OOP language extension

Here is a simple idea intended to plug a few semantic holes in the imperative programming style. The idea is to provide a full proof way to handle mutable state in imperative programs. Basically we want to introduce a class called an ASTB or applicative state transition block. The definition is simple. We will need four data structures: a read only state, and a write only temporary state a structure to hold the input and one for the output. There seem to be six external methods: a driver that provides an input and starts the computation of the new state, and returns the output on completion. A constructor and a destructor, and a method to read the state and output at any time. We need one more external method to initialize the state. This is a little more tricky so we will provide some sort of security, and only allow update when a transition is not in progress (some sort of mutex lock).

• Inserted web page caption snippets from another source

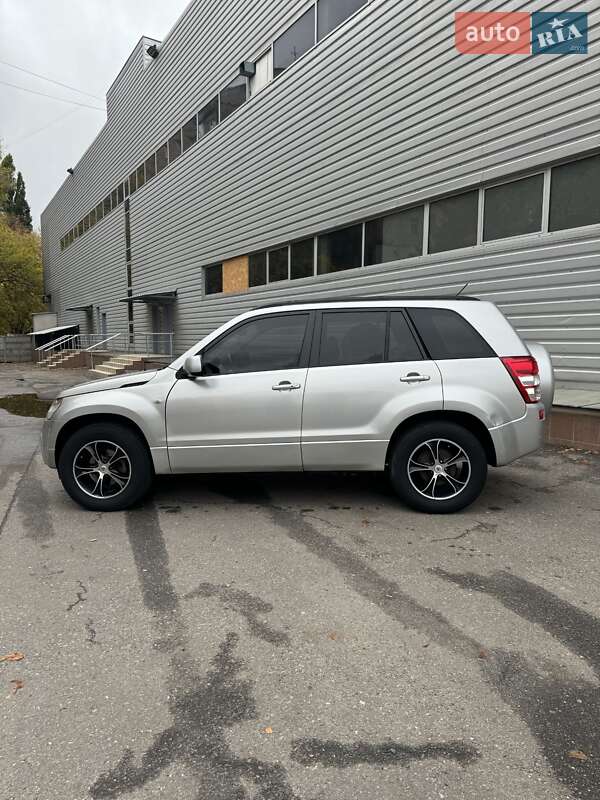 Внедорожник / Кроссовер Suzuki Grand Vitara 2006 в Харькове фото 4 Внедорожник / Кроссовер Suzuki Grand Vitara 2006 в Харькове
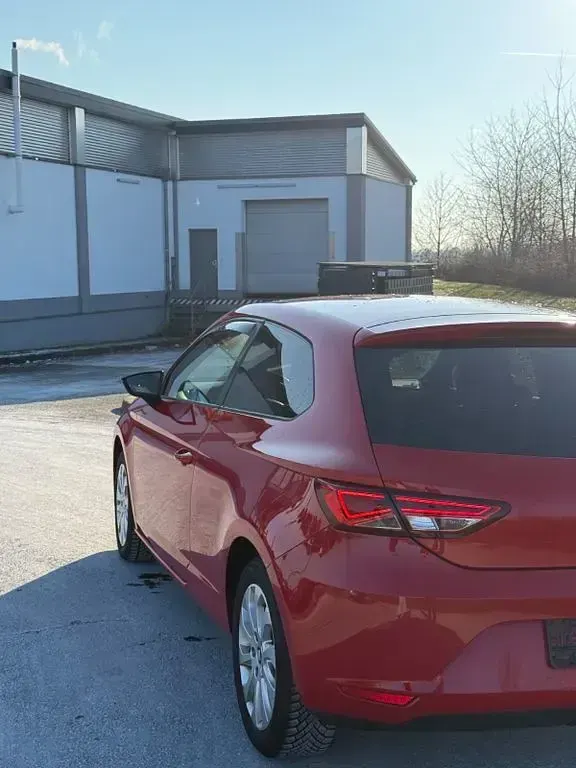 Używany Seat Leon SC Style 105 KM (77 kW) 2013 Czerwony Hatchback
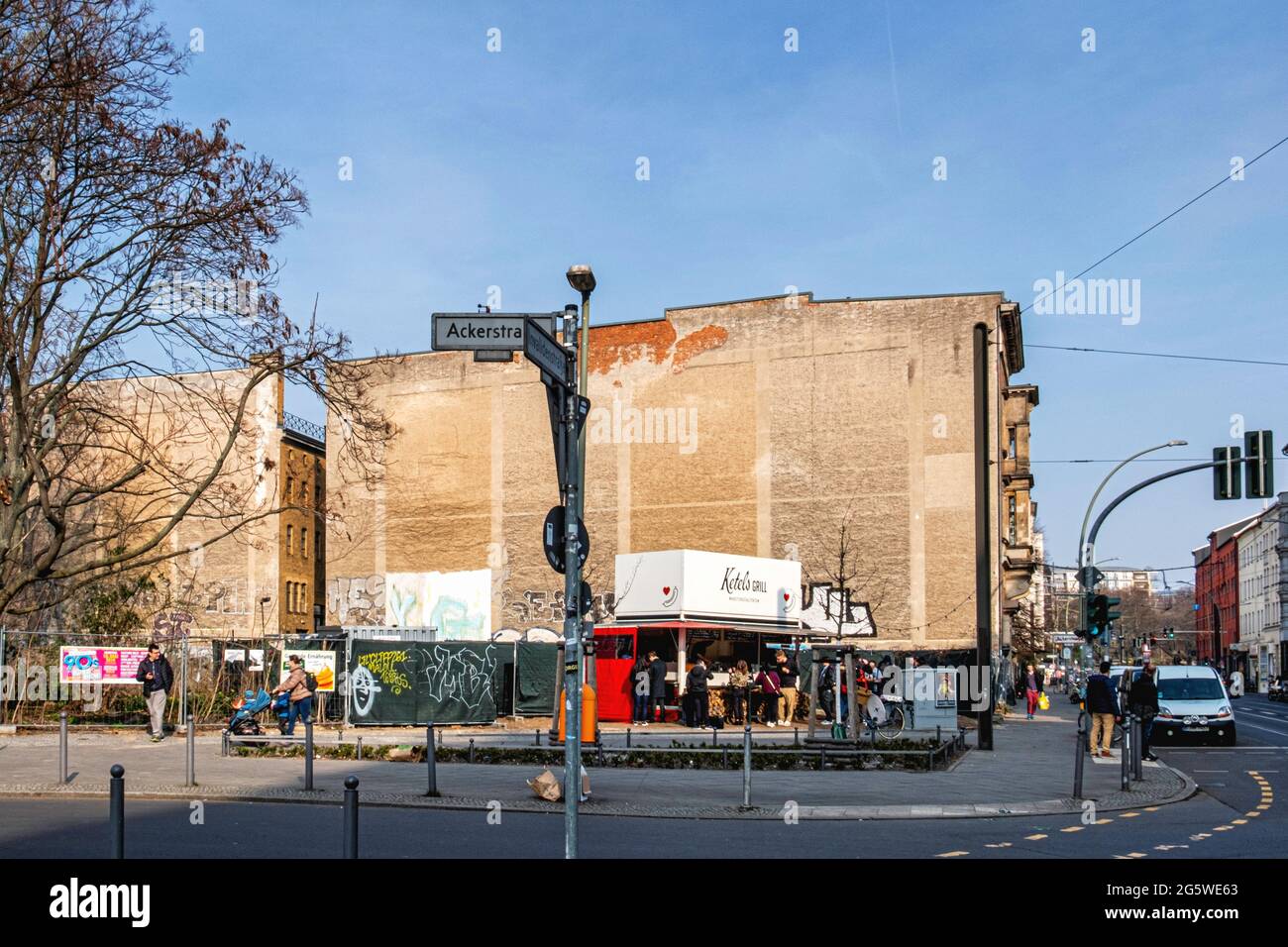 Ketels Grill. Fast food kiosk next to old building firewall on  empty stand in Mitte, Berlin Stock Photo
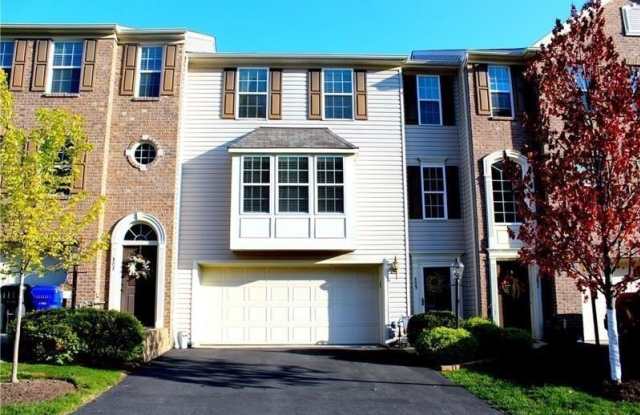 305 Broadstone Dr photos photos
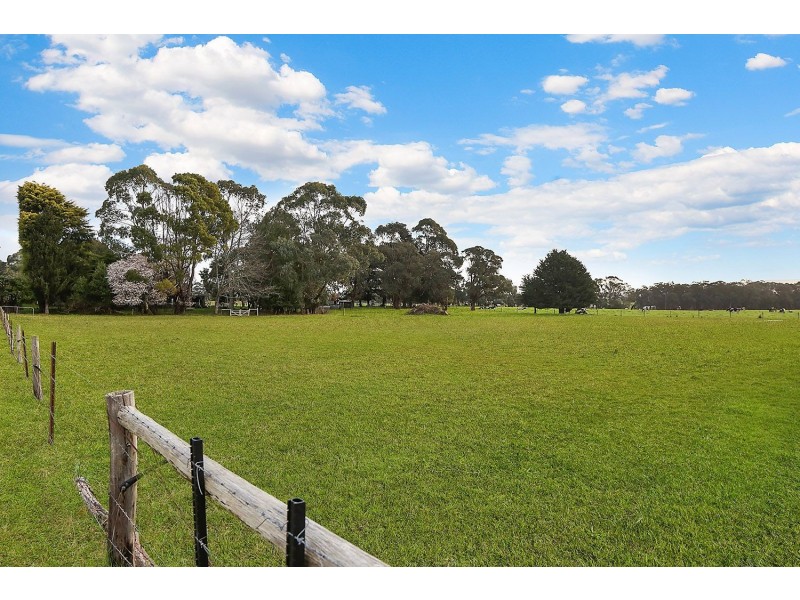 70 Moomowroong Road, Carlisle River VIC 3239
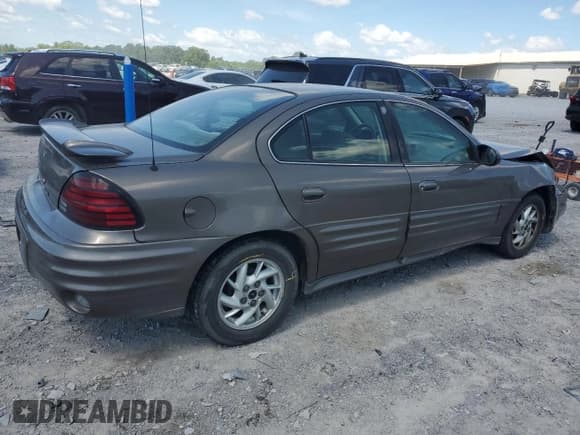 ✅ 2002 Pontiac Grand Am SE1 • VIN: 1G2NF52F42C283088 • Lot: 57897425. Listed on Copart with 139,473 mi. Free auction sales archive from the USA and detailed vehicle history report at DreamBid. Image 3.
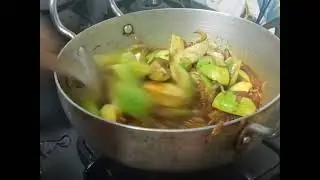 Hyderabadi Baigan bombal machi ka salan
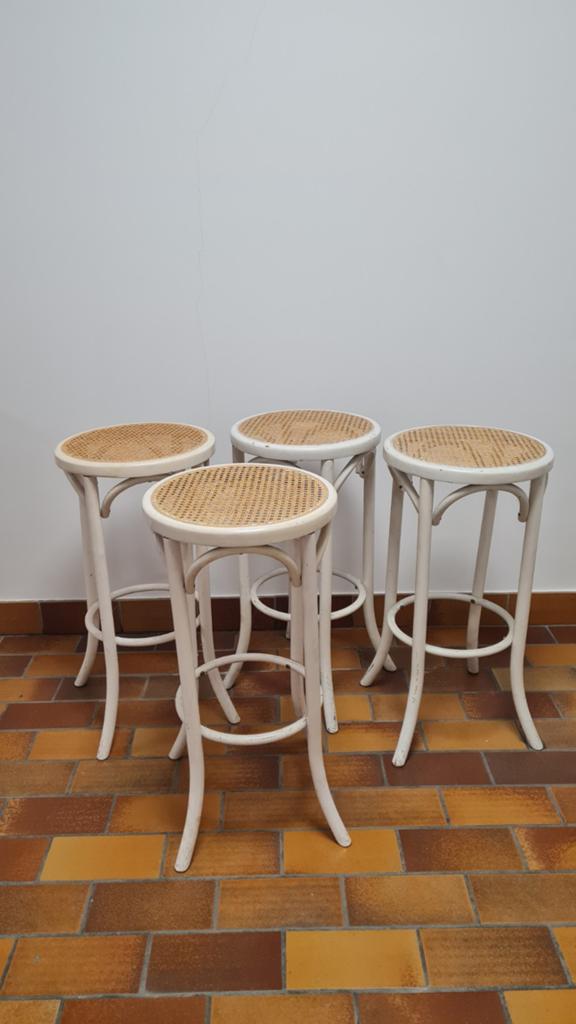 4 houten barkrukken thonet stijl, Huis en Inrichting, Ophalen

Internally the object does the following: when an input is supplied a series of functions compute new state values and output values and puts them in the temporary state data structure, and the output data structure. Internally there is a method that has permission to transfer the temporary state to the state when the output is returned. That seems to be enough to do the job, although we might also want a temporary output, and an output, and transfer that on completion with a lock. This wouldn't be needed if we output through the driver return value.

There is certainly nothing new about this and we suspect that there are patterns for doing this. The point is that we want to make the case that there are sound ways to handle state, get comments, and perhaps encourage a little more attention to these issues.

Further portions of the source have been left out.